Return the listing exactly, please; no pictures.

(Supplied material Opens)

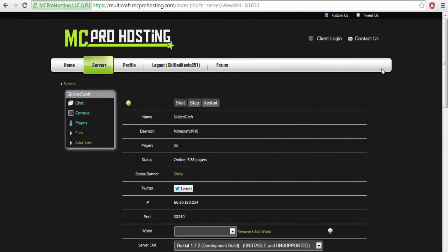Hey what is up guys, it is kev5 here bringing you another plugin tutorial. Today we're going to be doing a much requested plugin called Group Manager. This one is even easier than Permissions X, believe it or not.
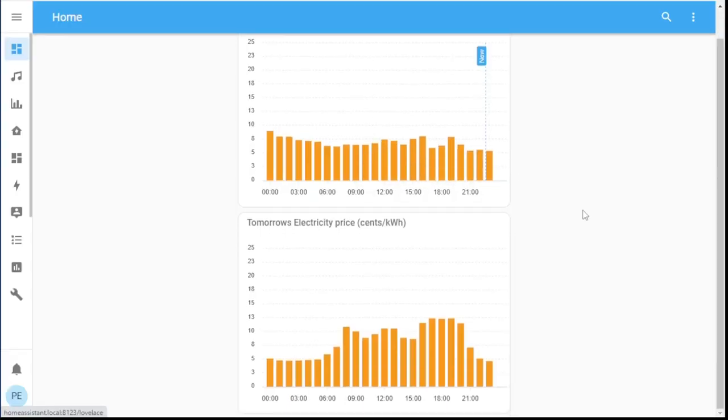So, Nordpool electricity prices — I have them in Home Assistant. You've seen them before in the dashboard; they look very pretty, there they are. In this part of the world — Finland, but also other Nordic countries — you can pay for your electricity by the hour. So of course when you start to see the price fluctuating every hour, you start to wonder: if only Home Assistant could figure out the cheapest hour, then I could turn things on during that time, like charge an electric car or warm up the hot water.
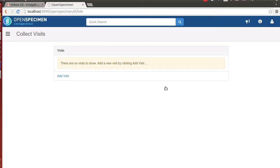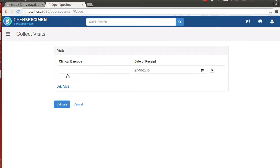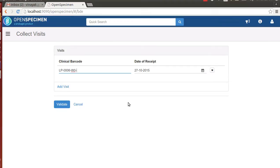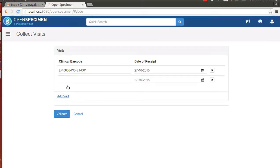On this screen, the technician scans the visit barcodes or referred to as clinical barcodes in this workflow. Let me input a clinical barcode, a valid clinical barcode. Let me input another clinical barcode of a visit belonging to a different patient.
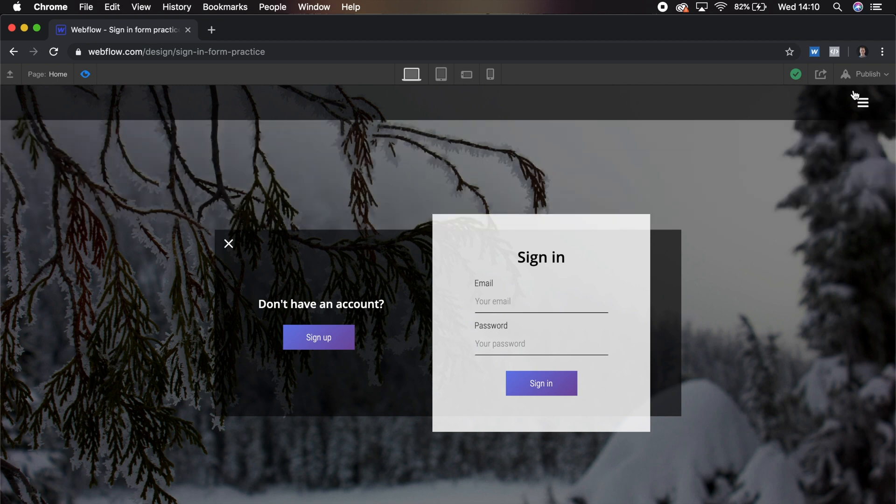And this is a simple way to give a premium feel to any websites you build just by giving it a little bit of movement. After you make these a couple of times, I think you'll be able to create new ones in about 10 minutes.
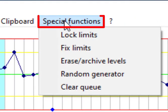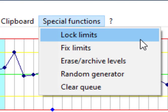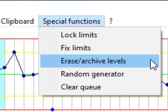Special function is one of the most important parts of this software. By using this part we can lock limits. We can fix them but we do not use fixed limits in medical laboratory. We can erase archive levels.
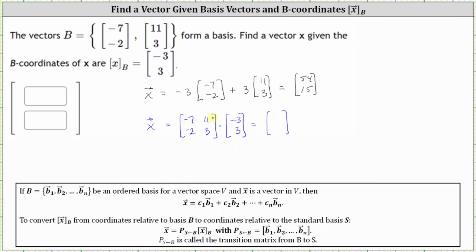The first coordinate is negative seven times negative three plus 11 times three, which is 54. And the second coordinate is negative two times negative three plus three times three, which is 15. So these two methods are equivalent. Either way, the coordinates of vector X relative to the standard basis are 54 and 15.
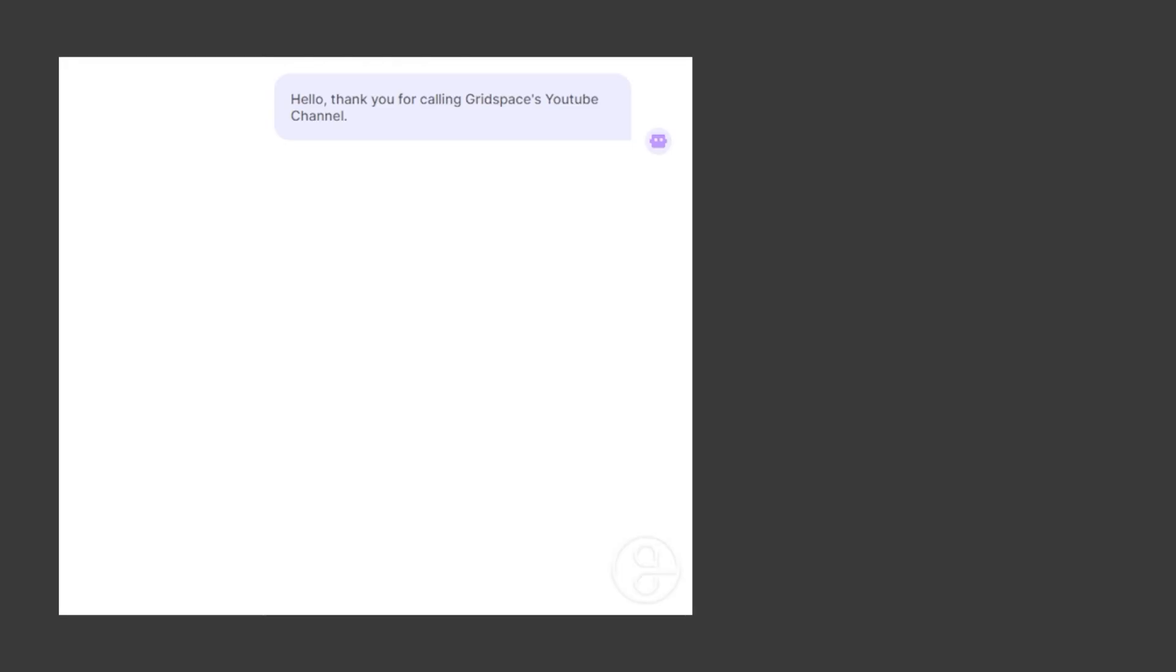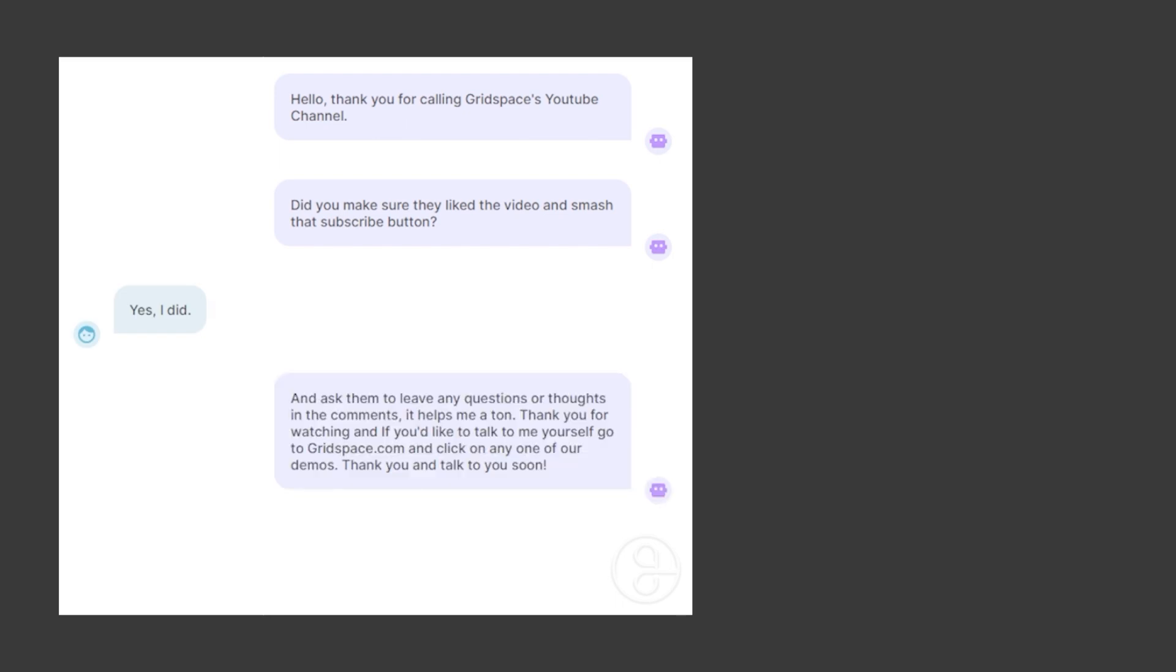Hello. Thank you for calling Gridspace's YouTube channel. Did you make sure they liked the video and smashed that subscribe button? Yes, I did. And ask them to leave any questions or thoughts in the comments. It helps me a ton. Thank you for watching, and if you'd like to talk to me yourself, go to gridspace.com and click on any one of our demos. Thank you, and talk to you soon. Thank you, Grace.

(Supplied material Closes)

• **Answer space**
Hey what is up guys, it is kev5 here bringing you another plugin tutorial. Today we're going to be doing a much requested plugin called Group Manager. This one is even easier than Permissions X, believe it or not.
So, Nordpool electricity prices — I have them in Home Assistant. You've seen them before in the dashboard; they look very pretty, there they are. In this part of the world — Finland, but also other Nordic countries — you can pay for your electricity by the hour. So of course when you start to see the price fluctuating every hour, you start to wonder: if only Home Assistant could figure out the cheapest hour, then I could turn things on during that time, like charge an electric car or warm up the hot water.
On this screen, the technician scans the visit barcodes or referred to as clinical barcodes in this workflow. Let me input a clinical barcode, a valid clinical barcode. Let me input another clinical barcode of a visit belonging to a different patient.
And this is a simple way to give a premium feel to any websites you build just by giving it a little bit of movement. After you make these a couple of times, I think you'll be able to create new ones in about 10 minutes.
Special function is one of the most important parts of this software. By using this part we can lock limits. We can fix them but we do not use fixed limits in medical laboratory. We can erase archive levels.
The first coordinate is negative seven times negative three plus 11 times three, which is 54. And the second coordinate is negative two times negative three plus three times three, which is 15. So these two methods are equivalent. Either way, the coordinates of vector X relative to the standard basis are 54 and 15.
Hello. Thank you for calling Gridspace's YouTube channel. Did you make sure they liked the video and smashed that subscribe button? Yes, I did. And ask them to leave any questions or thoughts in the comments. It helps me a ton. Thank you for watching, and if you'd like to talk to me yourself, go to gridspace.com and click on any one of our demos. Thank you, and talk to you soon. Thank you, Grace.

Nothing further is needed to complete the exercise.